Instructions to follow =>
Look through the data below for the line with "Üst Manzara Patong" and the line with "Viktoria Kölns Keeper", then transcribe exactly from the first through the second, leaving out all pictures.

Data supplied =>
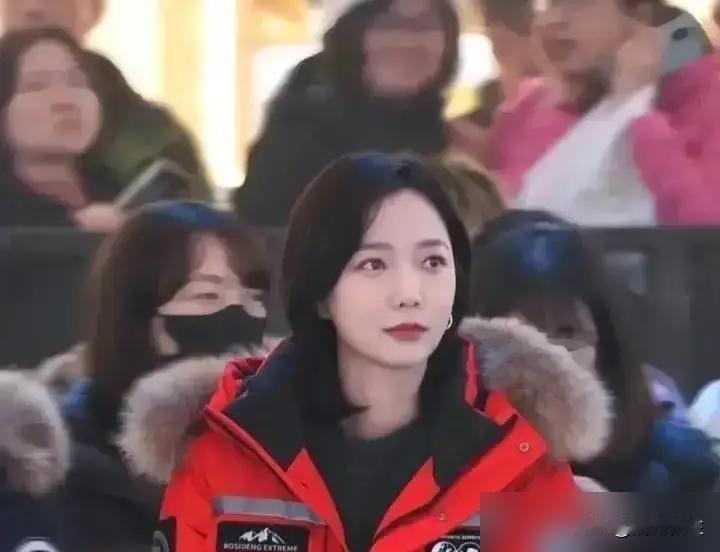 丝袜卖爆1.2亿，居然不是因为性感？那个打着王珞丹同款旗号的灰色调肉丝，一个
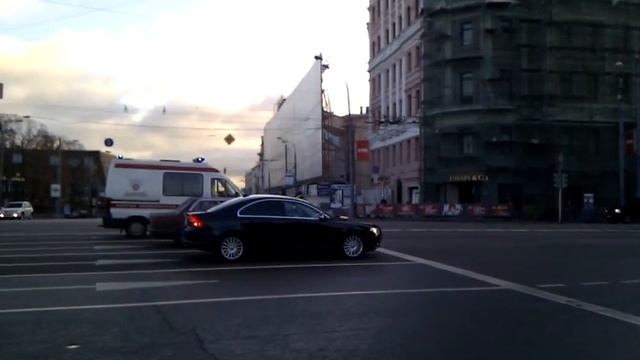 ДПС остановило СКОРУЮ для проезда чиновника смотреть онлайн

==

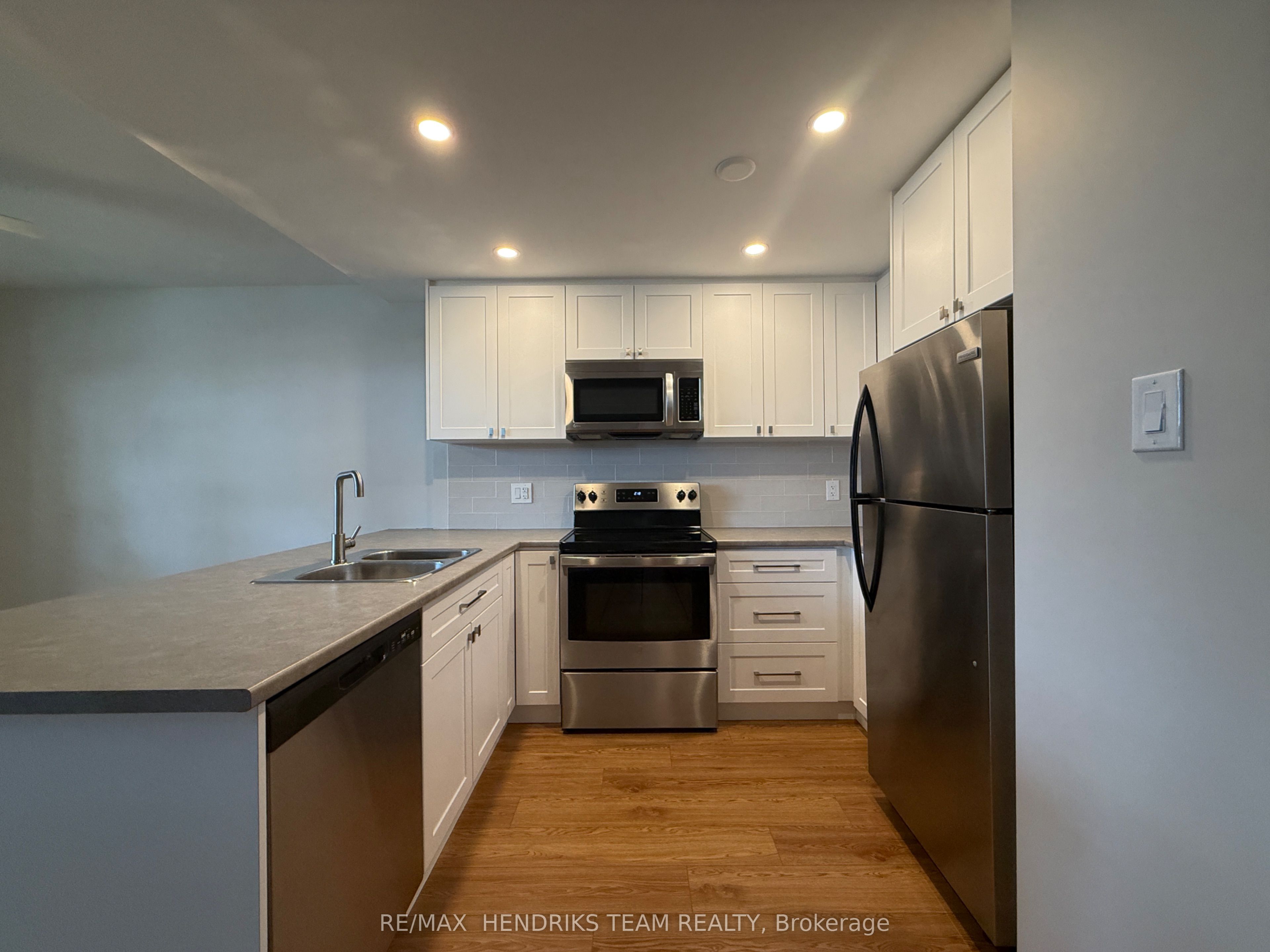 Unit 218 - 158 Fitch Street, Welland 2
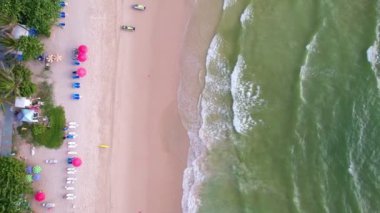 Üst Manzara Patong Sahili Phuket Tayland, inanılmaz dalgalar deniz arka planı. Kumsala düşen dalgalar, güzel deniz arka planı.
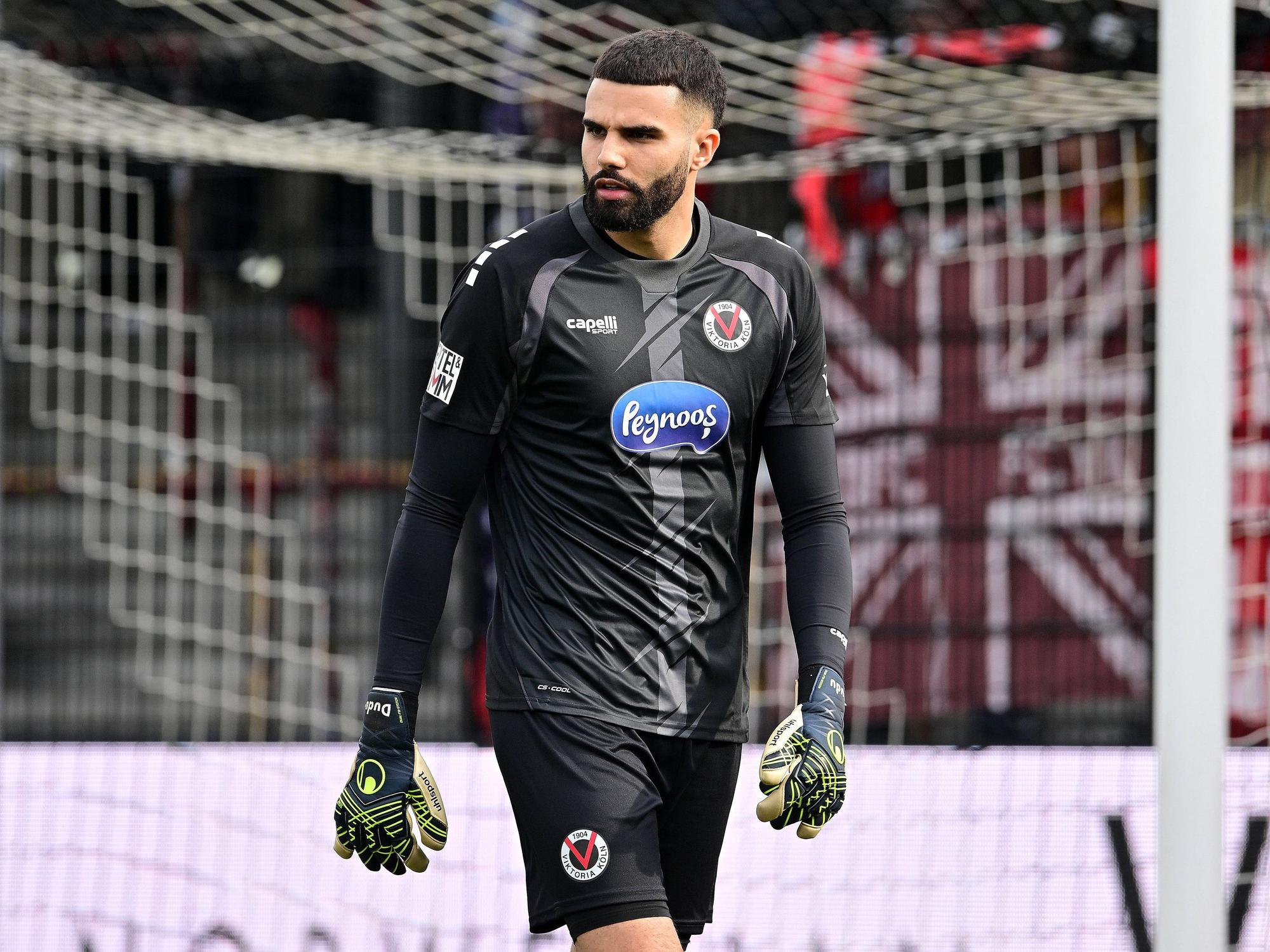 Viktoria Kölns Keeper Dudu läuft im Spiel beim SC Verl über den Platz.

Final answer =>
 Üst Manzara Patong Sahili Phuket Tayland, inanılmaz dalgalar deniz arka planı. Kumsala düşen dalgalar, güzel deniz arka planı.
 Viktoria Kölns Keeper Dudu läuft im Spiel beim SC Verl über den Platz.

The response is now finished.